No big plans to mod it. It has 218K on the clock and the suspension is a little bouncy so maybe some Konis at some stage, and a remap might be on the cards at some point. 180bhp and 272lb/ft is plenty, but more is always better http://****************.com/smile/emthup.gif 
I rather like the blacked out headlights look though, so I may have a go at that if I have a quiet weekend sometime








Mikki x



_Modified by MikkiJayne at 12:20 AM 6-14-2008_


----------



## Snowhere (Jul 27, 2007)

*Re: Another Corrado owner checking in! (MikkiJayne)*

Welcome to the dark side!







How much chocolate can you fit in the trunk?








So does this mean the V8 is dead?








We need to liven this forum up some Mikky, what say you send me your TDI to swap into mine?! Dam federallies or VAG will not allow/send that setup to this side of the pond.















What millage are you getting with her? Or it might be a him for you.

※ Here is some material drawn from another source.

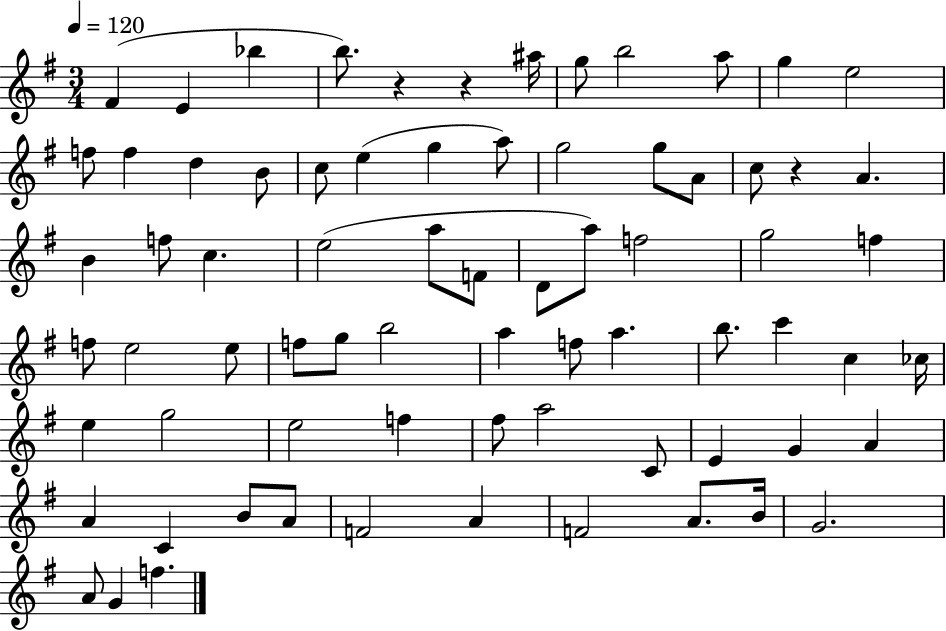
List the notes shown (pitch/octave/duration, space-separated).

F#4/q E4/q Bb5/q B5/e. R/q R/q A#5/s G5/e B5/h A5/e G5/q E5/h F5/e F5/q D5/q B4/e C5/e E5/q G5/q A5/e G5/h G5/e A4/e C5/e R/q A4/q. B4/q F5/e C5/q. E5/h A5/e F4/e D4/e A5/e F5/h G5/h F5/q F5/e E5/h E5/e F5/e G5/e B5/h A5/q F5/e A5/q. B5/e. C6/q C5/q CES5/s E5/q G5/h E5/h F5/q F#5/e A5/h C4/e E4/q G4/q A4/q A4/q C4/q B4/e A4/e F4/h A4/q F4/h A4/e. B4/s G4/h. A4/e G4/q F5/q.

I say we both need some xenon from an Allroad to upgrade the lighting. http://****************.com/smile/emthup.gif I was looking, but good beer went up in price, finally giving me some motivation to brew my own again. I am going for a English brown on Monday!


----------



## MikkiJayne (Jan 1, 2007)

*Re: Another Corrado owner checking in! (Snowhere)*


_Quote, originally posted by *Snowhere* »_Welcome to the dark side!







How much chocolate can you fit in the trunk?

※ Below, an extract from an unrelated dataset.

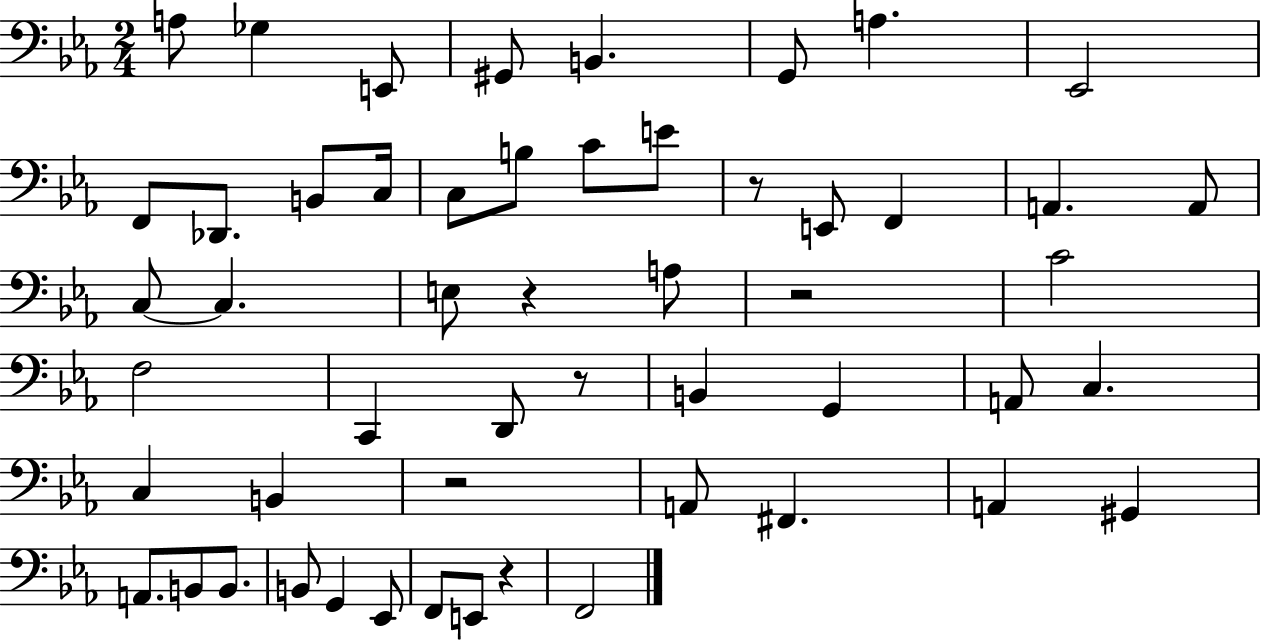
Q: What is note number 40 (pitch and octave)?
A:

Hehe you know me too well! The front door pocket actually makes a perfect hidey-hole for chocolate buttons








The V8 as a car is dead, thanks to the thieving UK government and the greedy oil companies. Its just not viable to run a car that does 20mpg at $12 a gallon







But, the engine lives on! I'm breaking for lunch mid-removal. Watch the 'rado forum to see where it ends up








Wierd that you guys don't get the good TDI motors over there. I guess there's traditionally not been much demand because your fuel prices were so low. These days over here virtually every VW and Audi you see on the motorway is a TDI. With the 2.0 making 170bhp and capable of 50mpg its rendered gas engines a bit pointless!
The A6 is a lady, in the manner of all good cruise ships, predictably called Suzie







She's doing about 36mpg on the motorway (about 29 US) which is pretty good for a 4000lb car! She's pretty quick too with nearly as much torque as the 4.2! Allroad Xenons would be nice, but I'm not planning on spending too much on her. Its about time I spent my money on myself rather than on car parts








I have the full service history for her from delivery, and as far as I can tell in over 200,000 miles the only non-service parts she's needed are the driver's seat base and a hazard light switch. Yay for hewn-from-granite Audi build quality!








I am planning an RNS-E installation though if I can find one for a good price, using the excuse that I can play DVDs through it to entertain my 5-year-old stepdaughter on long journeys








Mikki x


----------



## PerL (Jan 9, 2001)

*Re: Another Corrado owner checking in! (MikkiJayne)*

Welcome to the A6 crowd!
The 2002 should have the good camshafts, but you should have them checked out, just in case.


----------



## MikkiJayne (Jan 1, 2007)

*Re: Another Corrado owner checking in! (PerL)*

Thanks








Camshafts were chaged at 212K http://****************.com/smile/emthup.gif


----------



## Lu VR6 (Aug 29, 2003)

I also went from a Corrado to an a6 avant, nice choice!!


----------



## BHB (Oct 26, 2004)

*Re: Another Corrado owner checking in! (MikkiJayne)*

V6 TDI ... do want. http://****************.com/smile/emthup.gif


----------



## clintg60-16v (Dec 13, 2002)

*Re: Another Corrado owner checking in! (bhb399mm)*

I bought an 1999 A6 2.8L with only 61K on in this past May...still love my Corrado and will never part with it! 
love my Quattro though. http://****************.com/smile/emthup.gif


----------